Our first of the paintball fields - Astroturf & inflatable barricades
As we began to suit up (gloves, chest shields, neck guards, masks...), I worried that my flimsy athletic pants and sweatshirt (and lack of a full-head helmet!) wouldn't cut it as defense against the paint-filled ammunition - and I was right. During our first game, I was doing my best to stay covered behind the giant, inflatable barricades, scared out of my mind at getting hit. The paintballs rained down on my cover, some of them making it past and grazing me so hard, I was surprised that I didn't see paint when I looked down.
Unfortunately, my first game ended when I leaned out from my cover and was hit right on the lower arm that was holding my gun. I nearly lost my breath, it hurt so bad. As I raised my hands and headed back to our team's 'base,' my arm started to tingle and I had to switch the gun to my other hand before I dropped it. If only I had known that huge raised welt on my arm was just the beginning (no, that was not the worst)....
My nastiest battle wound (ouch!)
I went on to take pretty painful hits right in my mask and on the side of my leg (see above), but started to get hang of it enough to even get a couple of people out - including my experienced husband. The games on the first field ended with a break to refill our gun's tanks (to ensure proper pressure with which to shoot out those little balls of pain) and head over to one of the more 'authentic' fields, with shorter plywood and tire covers in an actual field of dirt and grass. Shortly after we began this match, the sky opened and began dumping rain so cold and so hard, I was certain it was hailing. This also meant I could barely see out of my mask, which when coupled with the increasingly mucky mud my shoes were sinking into, really made it feel as if we were on a true battlefield.
Even paintball mascot Alli couldn't avoid some
collateral damage (note the pink fur)
After huddling under an awning, waiting for the pounding rain to stop, I was thoroughly chilled to the bone and ready to call it a day. Dry clothes helped a bit, but I couldn't shake the chill for the rest of the evening, even as I warmed myself next to the BBQ. Once everyone was finished, we ended up cooking some meat on one of the tiny grills made available by the paintball place.
Grilling for 11 people was a tight fit
This being our first outing with an entirely German group, only a few of whom we'd met a time or two through other friends, it was an interesting dynamic to experience.
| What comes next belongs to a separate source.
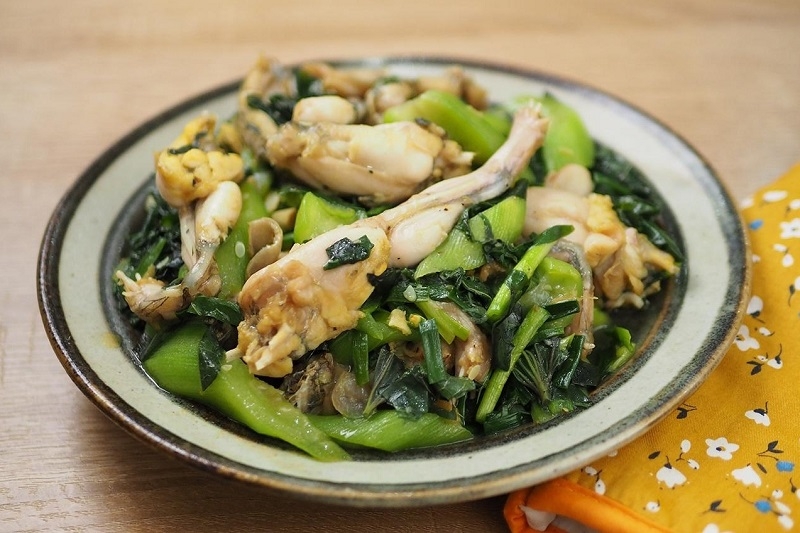 Ếch xào mướp ảnh 1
Our conversational German is poor, at best - on the plus side, we've mastered restaurant menus, telling time and how to say we don't speak good German - so either two people make the effort to understand or nine people are forced to communicate in a secondary language for our benefit. Seeing as we were the odd ones out, German won this time.
I tried my best not to feel left out, but it was hard not to. When you don't understand all of the conversations going on around you, it's a bit like being a little kid whose parents are spelling the big words, and often makes one feel equally small. This feeling of inequity is something I can only blame myself for - I haven't studied long enough or gotten out and tried hard enough to practice this difficult language. My lack of confidence aside, I know that my vocabulary (and limited knowledge of verb tenses) holds me back. At eight months in, it's time to step it up.
And so we begin our first full week with our new Deutsch instructor and I hope this will get us closer to where we need to be. Our first experience with him proved no one's going to slide by on 'close enough'; he insists that everything is pronounced correctly, with the right article clearly articulated, before we can move on. To help with the vocabulary issue, I've been thinking I need to take it upon myself to make some flashcards to fast-track our conversation abilities. Learning family members, professions and numbers only helps our day-to-day life so much. What about making beauty appointments? How do I communicate my concerns to a doctor? These are all things that will come with time - hopefully sooner than later.